In other words there are certain rights which are indeed inalienable and they can be found in the Constitution.  The Supreme Court’s task is to find them, and when they do, it is right that their ruling should stand in perpetuity.  The majority does not always rule nor should it.

Alexander Hamilton famously questioned  the ability of the common man to make sensible, informed decisions about the nation’s well-being and future and his conclusions have been proven right time and time again; and although  the Supreme Court as envisaged by Justice Jackson, has become a bulwark against frivolous popular opinion, times have changed.  

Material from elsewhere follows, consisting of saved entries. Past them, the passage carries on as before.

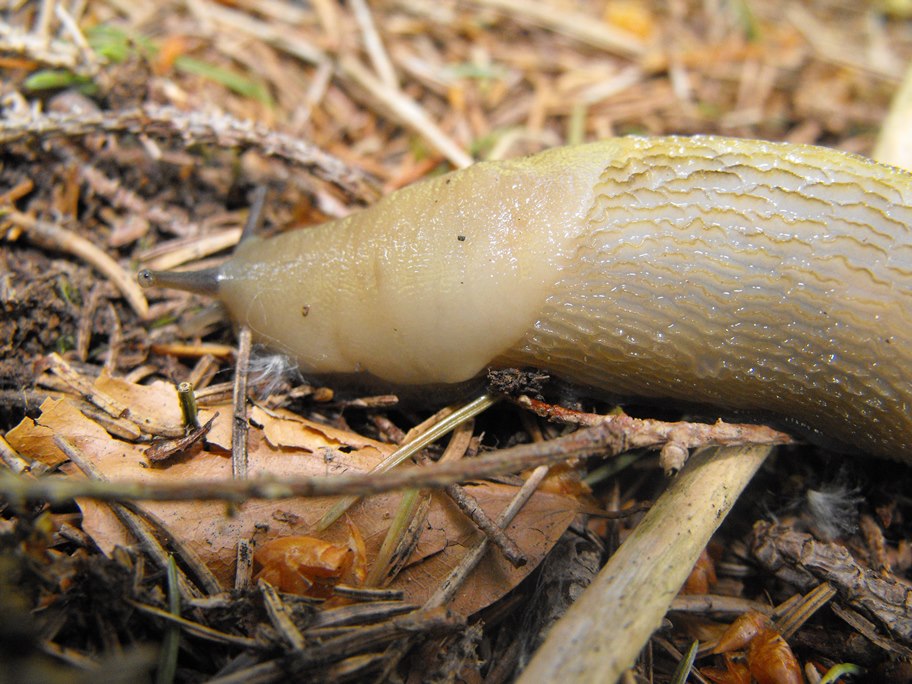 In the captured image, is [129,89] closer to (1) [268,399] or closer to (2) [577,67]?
(1) [268,399]

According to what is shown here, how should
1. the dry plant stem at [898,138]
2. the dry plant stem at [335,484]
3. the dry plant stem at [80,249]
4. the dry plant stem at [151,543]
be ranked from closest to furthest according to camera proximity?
1. the dry plant stem at [335,484]
2. the dry plant stem at [151,543]
3. the dry plant stem at [80,249]
4. the dry plant stem at [898,138]

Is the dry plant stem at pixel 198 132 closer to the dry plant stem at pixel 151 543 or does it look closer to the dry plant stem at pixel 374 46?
the dry plant stem at pixel 374 46

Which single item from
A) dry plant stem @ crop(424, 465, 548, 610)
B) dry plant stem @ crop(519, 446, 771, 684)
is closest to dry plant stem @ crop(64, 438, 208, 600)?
dry plant stem @ crop(424, 465, 548, 610)

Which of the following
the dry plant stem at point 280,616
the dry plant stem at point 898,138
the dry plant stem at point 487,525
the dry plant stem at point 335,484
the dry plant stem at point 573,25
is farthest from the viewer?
the dry plant stem at point 573,25

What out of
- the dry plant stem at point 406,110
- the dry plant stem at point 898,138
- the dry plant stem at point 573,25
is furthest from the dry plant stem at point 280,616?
the dry plant stem at point 573,25

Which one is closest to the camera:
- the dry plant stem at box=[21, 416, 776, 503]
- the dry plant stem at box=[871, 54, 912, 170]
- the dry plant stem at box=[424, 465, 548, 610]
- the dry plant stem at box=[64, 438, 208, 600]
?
the dry plant stem at box=[21, 416, 776, 503]

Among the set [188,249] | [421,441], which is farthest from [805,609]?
[188,249]

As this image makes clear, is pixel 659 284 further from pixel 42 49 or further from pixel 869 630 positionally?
pixel 42 49

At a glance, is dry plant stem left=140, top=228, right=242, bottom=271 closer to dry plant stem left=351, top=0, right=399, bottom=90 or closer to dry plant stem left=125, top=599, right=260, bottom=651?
dry plant stem left=351, top=0, right=399, bottom=90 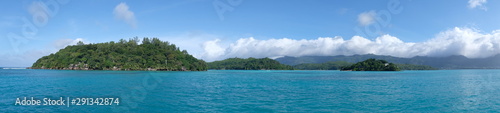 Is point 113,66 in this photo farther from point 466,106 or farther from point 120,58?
point 466,106

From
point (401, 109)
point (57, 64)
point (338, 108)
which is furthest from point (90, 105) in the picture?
point (57, 64)

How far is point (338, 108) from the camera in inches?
1052

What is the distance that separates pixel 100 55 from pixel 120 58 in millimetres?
14705

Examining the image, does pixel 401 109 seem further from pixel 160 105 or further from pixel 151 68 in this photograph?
pixel 151 68

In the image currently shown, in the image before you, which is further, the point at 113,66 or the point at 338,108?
the point at 113,66

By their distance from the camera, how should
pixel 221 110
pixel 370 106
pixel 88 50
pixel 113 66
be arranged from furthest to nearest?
pixel 88 50 → pixel 113 66 → pixel 370 106 → pixel 221 110

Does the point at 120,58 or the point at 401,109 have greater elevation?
the point at 120,58

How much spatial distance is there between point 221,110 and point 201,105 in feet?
10.9

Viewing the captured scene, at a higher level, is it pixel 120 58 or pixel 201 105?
pixel 120 58

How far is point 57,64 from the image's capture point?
7441 inches

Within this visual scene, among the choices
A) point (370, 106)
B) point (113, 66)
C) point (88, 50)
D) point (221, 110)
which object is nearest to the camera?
point (221, 110)

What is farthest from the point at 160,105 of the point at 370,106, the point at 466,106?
the point at 466,106

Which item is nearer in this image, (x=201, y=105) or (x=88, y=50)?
(x=201, y=105)

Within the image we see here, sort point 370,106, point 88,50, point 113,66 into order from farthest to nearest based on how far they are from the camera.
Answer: point 88,50 < point 113,66 < point 370,106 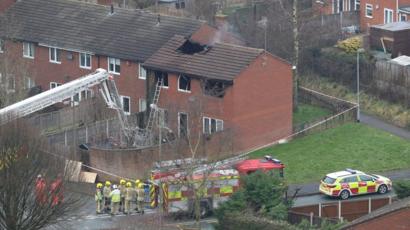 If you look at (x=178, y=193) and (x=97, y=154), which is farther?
(x=97, y=154)

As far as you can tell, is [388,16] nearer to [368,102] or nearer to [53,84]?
[368,102]

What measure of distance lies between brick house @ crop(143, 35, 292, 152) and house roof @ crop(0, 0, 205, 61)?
221cm

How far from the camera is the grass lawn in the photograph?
237ft

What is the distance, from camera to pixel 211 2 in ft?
319

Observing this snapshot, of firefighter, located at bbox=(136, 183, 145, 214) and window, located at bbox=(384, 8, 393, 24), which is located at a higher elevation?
window, located at bbox=(384, 8, 393, 24)

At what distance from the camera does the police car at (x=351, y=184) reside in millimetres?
67688

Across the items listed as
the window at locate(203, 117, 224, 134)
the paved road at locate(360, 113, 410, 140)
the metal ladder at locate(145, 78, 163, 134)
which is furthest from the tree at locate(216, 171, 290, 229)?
the paved road at locate(360, 113, 410, 140)

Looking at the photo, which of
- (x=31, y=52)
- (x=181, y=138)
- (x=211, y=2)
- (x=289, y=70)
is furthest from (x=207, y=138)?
(x=211, y=2)

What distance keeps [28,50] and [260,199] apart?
23382mm

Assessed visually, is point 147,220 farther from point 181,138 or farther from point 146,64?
point 146,64

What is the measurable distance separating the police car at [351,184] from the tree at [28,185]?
11350mm

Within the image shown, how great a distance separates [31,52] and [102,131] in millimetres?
9323

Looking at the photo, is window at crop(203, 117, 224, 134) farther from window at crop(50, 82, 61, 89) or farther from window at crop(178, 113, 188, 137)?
window at crop(50, 82, 61, 89)

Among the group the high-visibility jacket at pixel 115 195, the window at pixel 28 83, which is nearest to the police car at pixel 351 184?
the high-visibility jacket at pixel 115 195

Popular rule if not populist rule has come into vogue.  Maybe the people are right after all.  They and they alone should decide on contentious, unresolved issues such as abortion.  Barrett and her conservative colleagues will rightly overturn Roe and return the debate to the electoral process.  This is what progressives fear most – that their cherished, although unconstitutional protection of ‘a woman’s right to choose’ will be left to the unwashed.

Image result for Images Alexander Hamilton

The Democrats in the Senate are in a very precarious position.  If they hammer Barrett for her religious views, insisting that a devout, obedient Catholic can never rule objectively, they will be denying the legitimacy not only of Catholic beliefs but of personally held beliefs per se.  They will be arguing at cross purposes, denying the clear and obvious bias of Ginsberg in her rulings while assuming a worse, more prejudiced bias on the part of Barrett.  You can’t have it both ways.  Profound personal belief whether religious or secular is a given – all of us, thanks to genes, upbringing, and environment, have personal views, attitudes, and opinions formed in early childhood; and few if any can rid ourselves of them. 

All of this spells victory for Donald Trump.  He will be seen as a champion of women, a defender of the right to life, a Constitutional originalist like Antonin Scalia, and a fierce proponent of religion in public debate.  He can’t lose.

The days of JFK and the worry that his Catholicism meant that he would be ruled by the Vatican seem innocent and naïve.  The Coney Barrett issue has nothing to do with the Vatican but with profound, internal, well-formed, indicative philosophical views.  If she votes to overturn Roe, it will not be because of Pope Francis or the Catholic hierarchy, but because she believes the Church’s teaching – and of course because she believes that Roe was incorrectly decided.

it is about time that Roe is overturned, that the debate over abortion be returned to the electorate, and that the principle that religious belief – or any belief for that matter – has an  ineradicable place in jurisprudence.